We use language in many ways: as a practical tool, to communicate ideas; as a social tool, to maintain relationships and mark our identity; as an artistic tool, in poetry, prose, drama, songs, and so on. For many people, using a particular language, or using language in particular ways, goes right to the heart of who they consider themselves to be. Small wonder, then, that so many people have strong opinions about language.
Within a particular language, people argue about whether it's better to use this word or that word, about whether it's okay to use a particular grammatical construction, about how the language should be written, about how to construct a poem or a speech or a contract. Considering languages as wholes, it's common to find claims that a specific language (or dialect of a language) is especially logical, or primitive, or poetic, or spiritual. Ideas like these have been used to argue that certain languages are particularly fit (or unfit) for specific uses, such as science or art.
In this chapter, we will focus on aesthetic judgments of languages: the idea that a language itself (not just an artistic use of that language) can be beautiful or ugly. Along the way, we'll touch on similar descriptions of languages as especially pleasant, clear, or logical – essentially, any kind of broad, handwavy judgment about a language or dialect as a whole. We will explore the factors that inform these judgments: To what extent are they a reaction to intrinsic properties of the language itself? To what extent are they related to the language's historical and cultural associations? To what extent are they affected by our beliefs about the people who speak the language?

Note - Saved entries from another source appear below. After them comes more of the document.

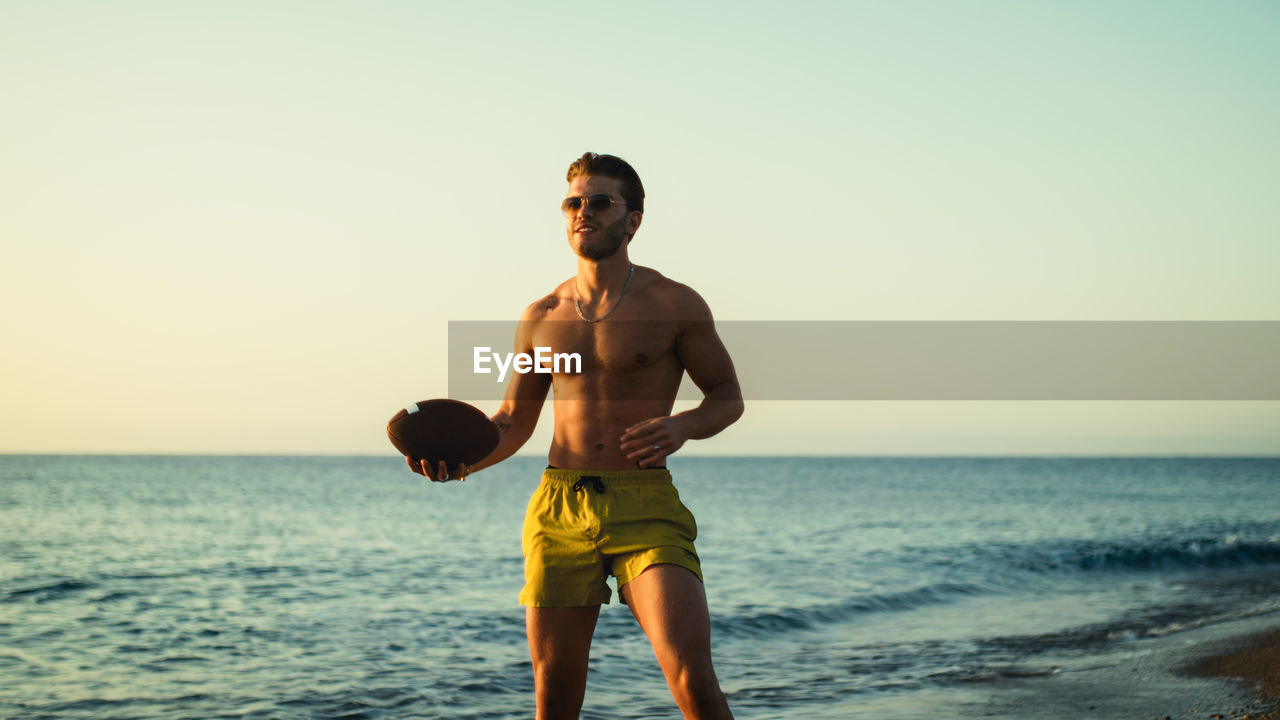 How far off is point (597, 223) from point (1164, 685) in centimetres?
685

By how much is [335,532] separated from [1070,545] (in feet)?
55.7

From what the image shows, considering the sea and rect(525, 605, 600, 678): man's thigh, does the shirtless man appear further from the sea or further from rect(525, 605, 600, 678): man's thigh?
the sea

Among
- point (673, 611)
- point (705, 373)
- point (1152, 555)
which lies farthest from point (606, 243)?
point (1152, 555)

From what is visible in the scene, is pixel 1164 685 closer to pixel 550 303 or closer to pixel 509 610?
pixel 550 303

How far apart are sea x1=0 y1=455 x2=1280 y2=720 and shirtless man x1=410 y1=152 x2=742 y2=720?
4.51 metres

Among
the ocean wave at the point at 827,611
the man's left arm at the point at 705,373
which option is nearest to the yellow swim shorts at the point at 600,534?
the man's left arm at the point at 705,373

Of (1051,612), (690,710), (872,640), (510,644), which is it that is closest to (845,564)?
(1051,612)

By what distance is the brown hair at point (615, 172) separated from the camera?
13.6 feet

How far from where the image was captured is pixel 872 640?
1184cm

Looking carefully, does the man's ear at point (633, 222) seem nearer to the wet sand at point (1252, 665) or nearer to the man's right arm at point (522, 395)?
the man's right arm at point (522, 395)

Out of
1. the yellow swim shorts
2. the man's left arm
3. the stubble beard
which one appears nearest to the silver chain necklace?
the stubble beard

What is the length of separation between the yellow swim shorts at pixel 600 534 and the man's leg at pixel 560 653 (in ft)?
0.14

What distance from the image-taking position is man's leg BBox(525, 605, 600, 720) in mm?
4020

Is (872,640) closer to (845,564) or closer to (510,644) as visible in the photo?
(510,644) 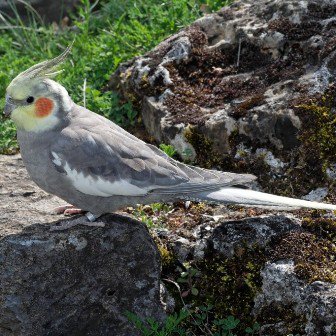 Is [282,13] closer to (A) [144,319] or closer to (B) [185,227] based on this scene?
(B) [185,227]

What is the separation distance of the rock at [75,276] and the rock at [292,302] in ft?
2.35

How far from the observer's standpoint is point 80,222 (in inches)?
187

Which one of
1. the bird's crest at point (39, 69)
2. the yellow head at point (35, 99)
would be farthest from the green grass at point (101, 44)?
the bird's crest at point (39, 69)

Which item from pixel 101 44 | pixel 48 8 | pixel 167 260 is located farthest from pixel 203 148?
pixel 48 8

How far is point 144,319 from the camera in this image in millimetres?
Answer: 4711

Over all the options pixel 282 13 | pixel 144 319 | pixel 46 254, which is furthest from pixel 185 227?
pixel 282 13

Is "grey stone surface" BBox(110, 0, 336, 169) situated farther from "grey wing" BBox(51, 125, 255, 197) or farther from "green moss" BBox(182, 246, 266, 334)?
"green moss" BBox(182, 246, 266, 334)

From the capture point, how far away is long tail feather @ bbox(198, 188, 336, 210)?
4695 mm

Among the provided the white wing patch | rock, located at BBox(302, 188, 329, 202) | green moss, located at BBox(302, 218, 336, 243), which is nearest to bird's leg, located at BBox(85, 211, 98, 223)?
the white wing patch

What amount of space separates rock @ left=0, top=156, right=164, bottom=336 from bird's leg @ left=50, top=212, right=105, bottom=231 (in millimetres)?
38

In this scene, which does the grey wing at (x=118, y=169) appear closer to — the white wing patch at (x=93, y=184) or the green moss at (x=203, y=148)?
the white wing patch at (x=93, y=184)

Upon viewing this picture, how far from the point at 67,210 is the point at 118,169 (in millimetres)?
542

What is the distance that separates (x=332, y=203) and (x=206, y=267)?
3.27 ft

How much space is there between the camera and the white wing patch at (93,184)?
464cm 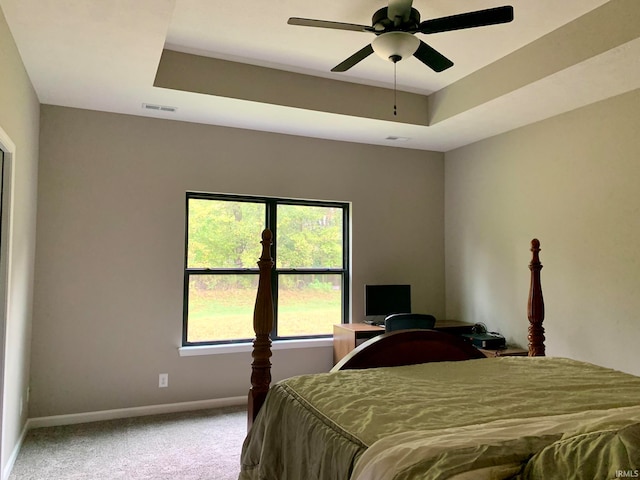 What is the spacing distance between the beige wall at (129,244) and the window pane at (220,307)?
0.18m

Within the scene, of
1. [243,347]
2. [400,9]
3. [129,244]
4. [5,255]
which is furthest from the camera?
[243,347]

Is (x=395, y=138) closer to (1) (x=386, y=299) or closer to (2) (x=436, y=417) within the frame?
(1) (x=386, y=299)

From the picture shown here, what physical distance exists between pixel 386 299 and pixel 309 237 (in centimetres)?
101

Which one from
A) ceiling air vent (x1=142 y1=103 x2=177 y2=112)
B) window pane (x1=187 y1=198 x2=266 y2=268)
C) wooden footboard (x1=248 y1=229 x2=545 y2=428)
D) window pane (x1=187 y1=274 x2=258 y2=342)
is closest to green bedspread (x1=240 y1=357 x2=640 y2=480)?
wooden footboard (x1=248 y1=229 x2=545 y2=428)

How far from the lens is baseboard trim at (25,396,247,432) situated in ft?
11.8

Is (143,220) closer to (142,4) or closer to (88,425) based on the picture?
(88,425)

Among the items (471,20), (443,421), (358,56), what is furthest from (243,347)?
(471,20)

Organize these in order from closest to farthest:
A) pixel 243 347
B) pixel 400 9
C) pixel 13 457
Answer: pixel 400 9
pixel 13 457
pixel 243 347

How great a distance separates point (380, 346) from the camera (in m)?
2.42

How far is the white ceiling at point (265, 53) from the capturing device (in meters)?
2.48

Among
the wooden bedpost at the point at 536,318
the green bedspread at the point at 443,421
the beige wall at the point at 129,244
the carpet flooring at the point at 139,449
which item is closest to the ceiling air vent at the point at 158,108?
the beige wall at the point at 129,244

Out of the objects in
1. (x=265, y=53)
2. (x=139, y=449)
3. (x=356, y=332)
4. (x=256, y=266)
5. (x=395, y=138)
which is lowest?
(x=139, y=449)

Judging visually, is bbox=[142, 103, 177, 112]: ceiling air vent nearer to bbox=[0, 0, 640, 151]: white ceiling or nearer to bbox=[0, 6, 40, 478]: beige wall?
bbox=[0, 0, 640, 151]: white ceiling

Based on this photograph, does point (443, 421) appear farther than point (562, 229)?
No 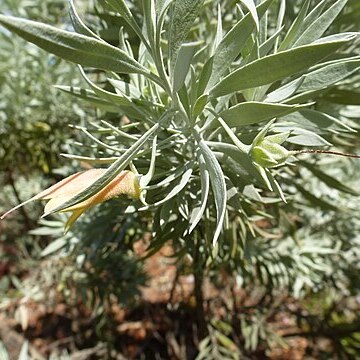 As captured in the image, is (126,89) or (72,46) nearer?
(72,46)

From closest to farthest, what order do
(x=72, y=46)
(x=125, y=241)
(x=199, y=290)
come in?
1. (x=72, y=46)
2. (x=125, y=241)
3. (x=199, y=290)

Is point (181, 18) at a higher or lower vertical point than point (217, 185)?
higher

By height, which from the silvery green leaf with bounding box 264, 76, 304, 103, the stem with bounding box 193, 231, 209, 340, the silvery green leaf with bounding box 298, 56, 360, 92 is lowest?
the stem with bounding box 193, 231, 209, 340

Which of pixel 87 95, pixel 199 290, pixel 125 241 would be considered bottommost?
pixel 199 290

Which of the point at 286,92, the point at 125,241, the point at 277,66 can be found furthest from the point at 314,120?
the point at 125,241

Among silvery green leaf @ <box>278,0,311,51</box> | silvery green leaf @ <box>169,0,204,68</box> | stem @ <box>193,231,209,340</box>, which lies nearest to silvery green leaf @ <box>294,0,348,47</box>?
silvery green leaf @ <box>278,0,311,51</box>

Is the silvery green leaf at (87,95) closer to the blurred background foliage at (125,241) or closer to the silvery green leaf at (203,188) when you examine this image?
the silvery green leaf at (203,188)

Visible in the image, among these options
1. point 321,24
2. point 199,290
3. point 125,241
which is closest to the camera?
point 321,24

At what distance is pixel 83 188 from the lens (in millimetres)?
401

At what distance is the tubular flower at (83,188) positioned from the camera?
405mm

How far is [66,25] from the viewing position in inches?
49.4

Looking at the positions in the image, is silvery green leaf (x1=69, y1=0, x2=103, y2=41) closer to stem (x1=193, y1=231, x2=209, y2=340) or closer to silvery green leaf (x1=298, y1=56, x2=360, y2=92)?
silvery green leaf (x1=298, y1=56, x2=360, y2=92)

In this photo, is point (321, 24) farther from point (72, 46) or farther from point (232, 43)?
point (72, 46)

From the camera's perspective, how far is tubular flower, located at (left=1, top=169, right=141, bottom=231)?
40 centimetres
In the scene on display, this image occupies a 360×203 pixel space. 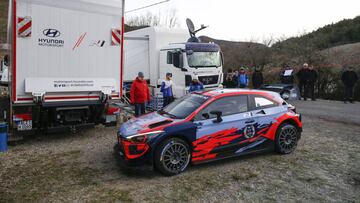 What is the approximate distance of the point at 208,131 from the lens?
21.1 ft

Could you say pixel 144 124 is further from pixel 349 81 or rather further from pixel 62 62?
pixel 349 81

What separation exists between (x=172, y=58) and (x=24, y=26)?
6581 mm

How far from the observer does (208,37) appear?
134 ft

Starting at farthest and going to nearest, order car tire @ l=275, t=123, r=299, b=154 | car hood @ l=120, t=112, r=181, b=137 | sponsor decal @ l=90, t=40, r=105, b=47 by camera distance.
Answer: sponsor decal @ l=90, t=40, r=105, b=47 → car tire @ l=275, t=123, r=299, b=154 → car hood @ l=120, t=112, r=181, b=137

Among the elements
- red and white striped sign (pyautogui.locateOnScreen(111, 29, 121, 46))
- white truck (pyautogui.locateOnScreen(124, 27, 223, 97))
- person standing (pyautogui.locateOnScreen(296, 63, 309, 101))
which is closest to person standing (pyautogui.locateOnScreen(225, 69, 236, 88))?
person standing (pyautogui.locateOnScreen(296, 63, 309, 101))

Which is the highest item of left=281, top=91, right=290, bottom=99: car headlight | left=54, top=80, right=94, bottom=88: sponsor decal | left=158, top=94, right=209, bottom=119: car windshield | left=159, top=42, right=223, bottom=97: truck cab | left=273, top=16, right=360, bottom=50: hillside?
left=273, top=16, right=360, bottom=50: hillside

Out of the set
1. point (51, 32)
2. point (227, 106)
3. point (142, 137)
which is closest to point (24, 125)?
point (51, 32)

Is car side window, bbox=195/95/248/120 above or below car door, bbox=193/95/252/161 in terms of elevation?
above

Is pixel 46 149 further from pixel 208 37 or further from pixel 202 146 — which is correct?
pixel 208 37

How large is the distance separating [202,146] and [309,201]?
2.13 metres

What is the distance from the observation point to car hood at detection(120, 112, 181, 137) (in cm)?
618

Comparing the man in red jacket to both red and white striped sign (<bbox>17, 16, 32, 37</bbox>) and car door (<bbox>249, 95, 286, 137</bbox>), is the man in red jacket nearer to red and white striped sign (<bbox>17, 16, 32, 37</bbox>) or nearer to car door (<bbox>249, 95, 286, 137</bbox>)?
red and white striped sign (<bbox>17, 16, 32, 37</bbox>)

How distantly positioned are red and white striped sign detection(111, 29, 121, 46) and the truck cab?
14.3 feet

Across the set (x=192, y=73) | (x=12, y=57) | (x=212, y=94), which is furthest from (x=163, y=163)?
(x=192, y=73) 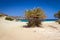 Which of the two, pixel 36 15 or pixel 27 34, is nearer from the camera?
pixel 27 34

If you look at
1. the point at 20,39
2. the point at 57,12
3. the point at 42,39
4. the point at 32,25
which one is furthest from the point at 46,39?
the point at 57,12

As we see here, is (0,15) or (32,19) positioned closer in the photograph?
(32,19)

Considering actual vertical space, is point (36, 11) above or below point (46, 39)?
above

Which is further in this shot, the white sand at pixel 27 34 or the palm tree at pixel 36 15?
the palm tree at pixel 36 15

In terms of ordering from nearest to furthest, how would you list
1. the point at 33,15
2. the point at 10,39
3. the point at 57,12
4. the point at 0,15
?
1. the point at 10,39
2. the point at 33,15
3. the point at 0,15
4. the point at 57,12

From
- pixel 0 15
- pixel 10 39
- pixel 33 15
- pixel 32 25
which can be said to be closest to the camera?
pixel 10 39

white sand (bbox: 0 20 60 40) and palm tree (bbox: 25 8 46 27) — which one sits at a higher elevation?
palm tree (bbox: 25 8 46 27)

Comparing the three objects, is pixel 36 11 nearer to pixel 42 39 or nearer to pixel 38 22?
pixel 38 22

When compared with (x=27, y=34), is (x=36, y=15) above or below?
above

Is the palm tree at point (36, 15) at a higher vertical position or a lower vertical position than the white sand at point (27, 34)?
higher

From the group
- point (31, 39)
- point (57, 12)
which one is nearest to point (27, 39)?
point (31, 39)

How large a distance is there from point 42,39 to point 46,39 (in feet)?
0.56

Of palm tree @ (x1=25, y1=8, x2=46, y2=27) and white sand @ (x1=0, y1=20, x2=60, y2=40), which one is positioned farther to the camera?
palm tree @ (x1=25, y1=8, x2=46, y2=27)

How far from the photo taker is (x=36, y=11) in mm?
12750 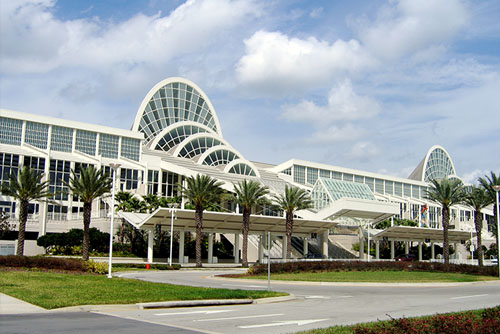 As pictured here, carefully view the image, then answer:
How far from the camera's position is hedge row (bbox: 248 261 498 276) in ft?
116

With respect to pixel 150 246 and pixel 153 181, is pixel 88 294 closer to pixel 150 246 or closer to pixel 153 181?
pixel 150 246

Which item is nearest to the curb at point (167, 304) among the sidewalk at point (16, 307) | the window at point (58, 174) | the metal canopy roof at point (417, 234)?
the sidewalk at point (16, 307)

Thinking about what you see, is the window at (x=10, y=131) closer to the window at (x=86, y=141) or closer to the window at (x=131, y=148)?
the window at (x=86, y=141)

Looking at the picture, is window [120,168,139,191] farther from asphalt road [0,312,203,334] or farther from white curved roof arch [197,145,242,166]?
asphalt road [0,312,203,334]

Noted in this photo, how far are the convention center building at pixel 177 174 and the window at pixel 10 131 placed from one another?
0.11 meters

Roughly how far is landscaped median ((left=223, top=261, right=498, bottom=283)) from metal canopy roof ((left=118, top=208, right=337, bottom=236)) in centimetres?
1544

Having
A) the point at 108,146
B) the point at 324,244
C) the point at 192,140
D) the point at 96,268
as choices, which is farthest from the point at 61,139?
the point at 96,268

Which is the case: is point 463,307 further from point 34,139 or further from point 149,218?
point 34,139

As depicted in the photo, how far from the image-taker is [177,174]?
7200 cm

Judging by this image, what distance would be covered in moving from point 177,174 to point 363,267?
38269 millimetres

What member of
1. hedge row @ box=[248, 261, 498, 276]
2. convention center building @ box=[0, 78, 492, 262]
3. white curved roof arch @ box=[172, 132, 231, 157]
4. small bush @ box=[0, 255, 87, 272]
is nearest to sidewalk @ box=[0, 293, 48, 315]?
small bush @ box=[0, 255, 87, 272]

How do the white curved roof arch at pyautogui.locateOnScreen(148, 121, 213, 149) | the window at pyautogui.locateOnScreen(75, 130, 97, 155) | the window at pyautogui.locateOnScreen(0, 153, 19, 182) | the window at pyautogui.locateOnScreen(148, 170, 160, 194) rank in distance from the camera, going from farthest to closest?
the white curved roof arch at pyautogui.locateOnScreen(148, 121, 213, 149), the window at pyautogui.locateOnScreen(148, 170, 160, 194), the window at pyautogui.locateOnScreen(75, 130, 97, 155), the window at pyautogui.locateOnScreen(0, 153, 19, 182)

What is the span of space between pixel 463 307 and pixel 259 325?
784cm

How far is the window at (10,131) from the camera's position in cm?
6088
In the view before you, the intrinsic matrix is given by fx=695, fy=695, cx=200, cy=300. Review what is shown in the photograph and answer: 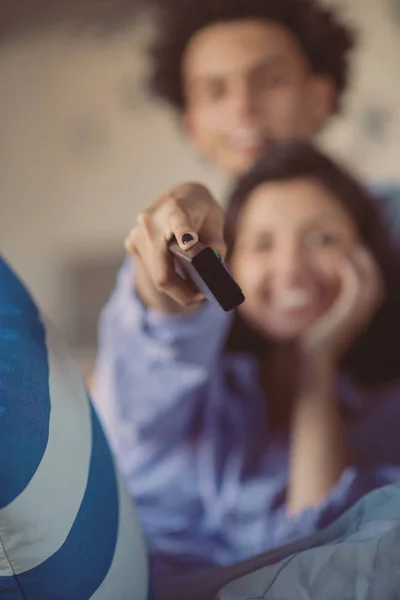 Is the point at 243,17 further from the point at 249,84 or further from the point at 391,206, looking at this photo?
the point at 391,206

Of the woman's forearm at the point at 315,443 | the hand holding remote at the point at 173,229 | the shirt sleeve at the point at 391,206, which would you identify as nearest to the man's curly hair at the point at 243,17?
the shirt sleeve at the point at 391,206

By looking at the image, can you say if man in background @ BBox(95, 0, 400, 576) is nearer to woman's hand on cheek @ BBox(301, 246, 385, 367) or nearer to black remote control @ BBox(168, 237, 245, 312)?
woman's hand on cheek @ BBox(301, 246, 385, 367)

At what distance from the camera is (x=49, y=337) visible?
0.53 meters

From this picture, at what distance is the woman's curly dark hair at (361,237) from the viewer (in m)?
0.80

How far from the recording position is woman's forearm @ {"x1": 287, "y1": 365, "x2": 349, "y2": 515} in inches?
26.6

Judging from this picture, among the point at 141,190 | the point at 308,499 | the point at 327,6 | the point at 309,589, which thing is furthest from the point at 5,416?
the point at 327,6

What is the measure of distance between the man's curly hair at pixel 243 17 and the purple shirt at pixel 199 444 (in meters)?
0.50

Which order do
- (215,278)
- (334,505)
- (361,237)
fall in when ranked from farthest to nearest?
(361,237), (334,505), (215,278)

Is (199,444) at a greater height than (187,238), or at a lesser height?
lesser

Non-linguists’ evaluations of dialects
We will begin by investigating what people believe about the dialects of their native language. Traditionally, the field of dialectology has involved linguists traveling to different areas and recording the range of variation within a single language. The goal is to document, as accurately as possible, what the dialects of a language are and how they differ from each other. For this reason, dialectologists focus on recording the speech of actual speakers of each dialect, rather than relying on speakers of other dialects to describe the situation: popular beliefs are often inaccurate.